The Australian Taxation Office provides information about these rules here: https://www.ato.gov.au/business/dep...allowances/disposing-of-a-depreciating-asset/.

Broadly stated, drivers who have claimed the instant asset write-off will have a termination value of nil and have a balancing adjustment equal to the sale price. (The calculations also take into account any non-deductible private use of the depreciating asset.)

The voluntary purchase of a replacement car doesn't stop this from happening.

A strategy may be to ensure that the sale of the old car takes place in the same income year as the purchase of the replacement car so that the deduction for the replacement car is available to offset the assessable balancing adjustment on the old car.

Alternatively, you might sell the old car in an income year in which your marginal tax rate is low or nil and purchase the replacement car in an income year where your marginal tax rate is higher so that you obtain the maximum benefit from the deduction.

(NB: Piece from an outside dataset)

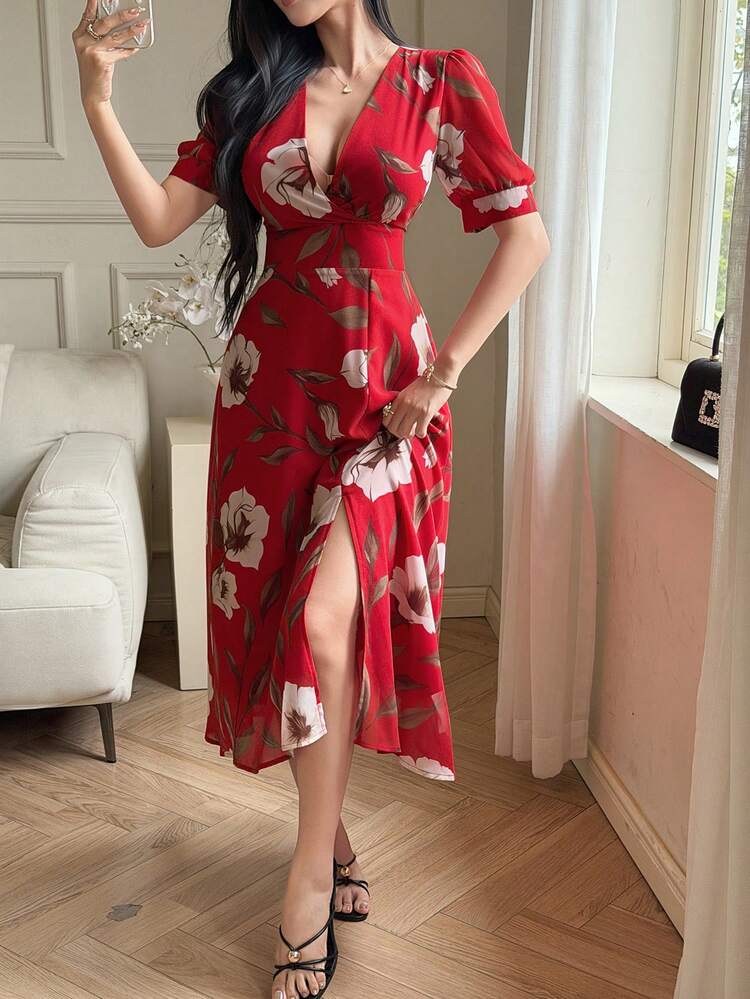 Women's Deep V-Neck Floral Print Short Petal Sleeve Sexy Side Slit Dress Sundress Summer Boho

The purchase of the replacement car might happen near the end of income year 1 and the sale of the old car might happen early in income year 2. This strategy may bring forward the deduction and defer the balancing adjustment.

Another thing to keep in mind is that a driver who has claimed a GST credit on purchase of the car needs to include GST in the sale price and pay the relevant GST to the Tax Office. See https://www.ato.gov.au/Business/GST...-and-transport/GST-and-motor-vehicles/?page=3.

The purpose of this GST rule is to ensure that the owner of the car ultimately obtains a GST credit only for the value lost during the period of ownership.

These depreciation and GST rules are complex and drivers would do well to obtain the assistance of their accountant.


----------



## RoboRider (Aug 26, 2018)

@Jack Malarkey thanks for detailing the possible 'sting' to doing an instant asset write off, particularly if you should happen to stop driving for Uber. Is there any rule you are aware of that the asset must be sold at market value or will be assessed at market value if sold for less at some point in time in the future?


----------



## Jack Malarkey (Jan 11, 2016)

RoboRider said:


> @Jack Malarkey thanks for detailing the possible 'sting' to doing an instant asset write off, particularly if you should happen to stop driving for Uber. Is there any rule you are aware of that the asset must be sold at market value or will be assessed at market value if sold for less at some point in time in the future?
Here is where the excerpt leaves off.